D’autres processus travaillent sur les différences et les choix entre montrer et présenter; ces processus questionnent eux le contexte artistique de publication de l’oeuvre (comme vous dites justement aux Laboratoires). Opérer des choix entre montrer et présenter c’est décider d’une adresse aux spectateurs, c’est une façon de renouveler un questionnement amorcé avec Atteindre la fin du western en ce qui concerne le statut de témoin, ou celui de spectateur dans un sens plus partagé.

 

 

 





1 – Au sujet du remontage de la pièce par le quatuor Knust, voir n° spécial danse de la revue Art Press, 2002.

2 – La série des Walk+Talk conçue par Philipp Gehmacher, chorégraphe autrichien à l’invitation du Tanzquartier à Vienne, proposait à 9 autres chorégraphes de montrer et discuter dans le même temps, sur scène, leur langage chorégraphique.
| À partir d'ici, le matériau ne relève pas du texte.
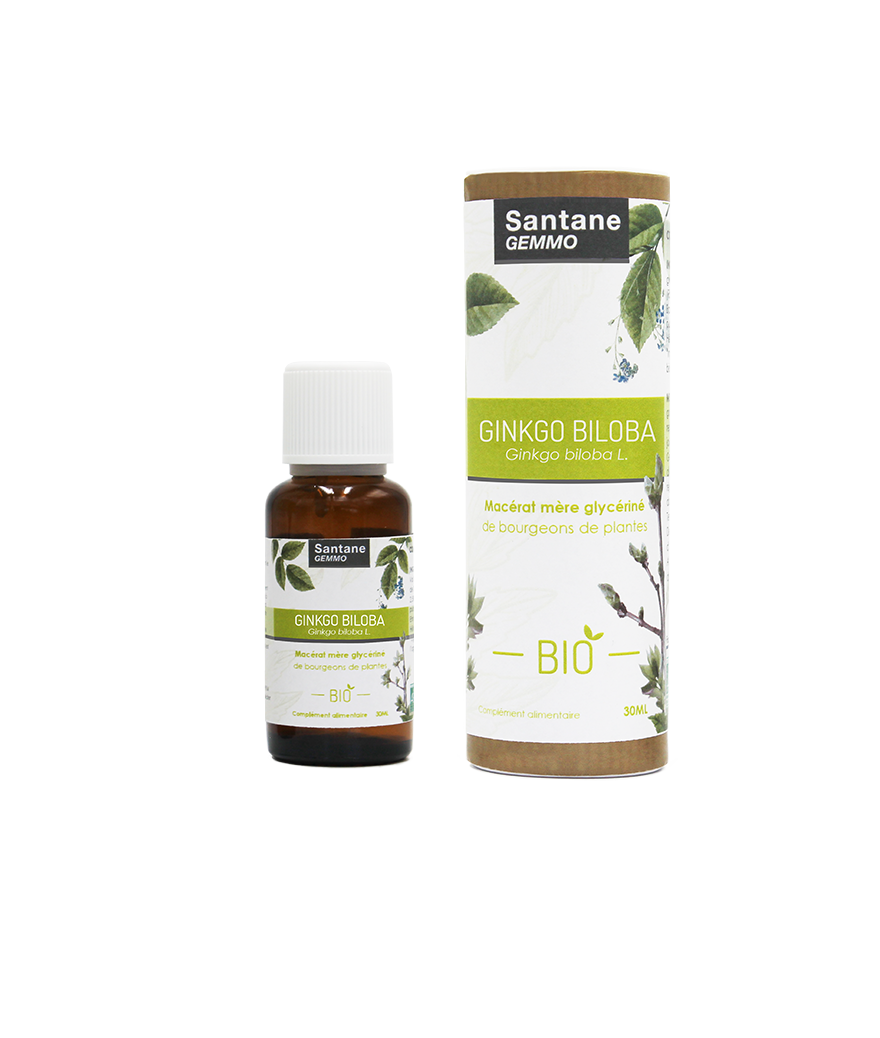 GINKO BILOBA Macérat glycériné - SANTANE® - COMPLEMENT ALIMENTAIRE - PHYTOTHERAPIE - PLANTES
Du 14 au 21 mars 2008 deux performances ont ainsi été présentées chaque soir au public : Oleg Soulimenko (RUS/A) / Meg Stuart (USA/B/D) ; Philipp Gehmacher (A) / Antonia Baehr (D) ; Rémy Héritier (F) / Sioned Huws (UK) ; Boris Charmatz (F) / Jeremy Wade (USA/D) et Milli Bitterli (A) / Anne Juren (F/A).

3 – Né en 1866 à Hambourg, Aby Warburg s’est consacré à l’étude de l’histoire de l’art, en particulier celle de la peinture de la Renaissance florentine. En 1895, il voyage aux États-Unis, se documente sur les cultures amérindiennes, et visite plusieurs villages pueblos du Nouveau-Mexique et d’Arizona. À Oraibi, notamment, il assiste à une danse masquée de katcina, figures ancestrales des Indiens Hopis. Il n’en parlera pas avant 1923, date à laquelle il prononce une conférence à la clinique du Dr Binswanger où il est soigné intitulée Le rituel du serpent. Dans son texte, il rapproche le serpent — objet de rituel chez les Hopis — du motif graphique de l’éclair (symbole de la pluie), et en poursuit la trace en Grèce ancienne et en Occident chrétien. Cette icône, explique-t-il, est porteuse d’une inquiétude universelle qui résiste à la raison. Sur Warburg, voir notamment Philippe-Alain Michaud, Aby Warburg et l’image en mouvement, Macula, 1998 et 2002.

4 - Entretien paru dans Le Journal des Laboratoires n°5, janvier-juin 2006.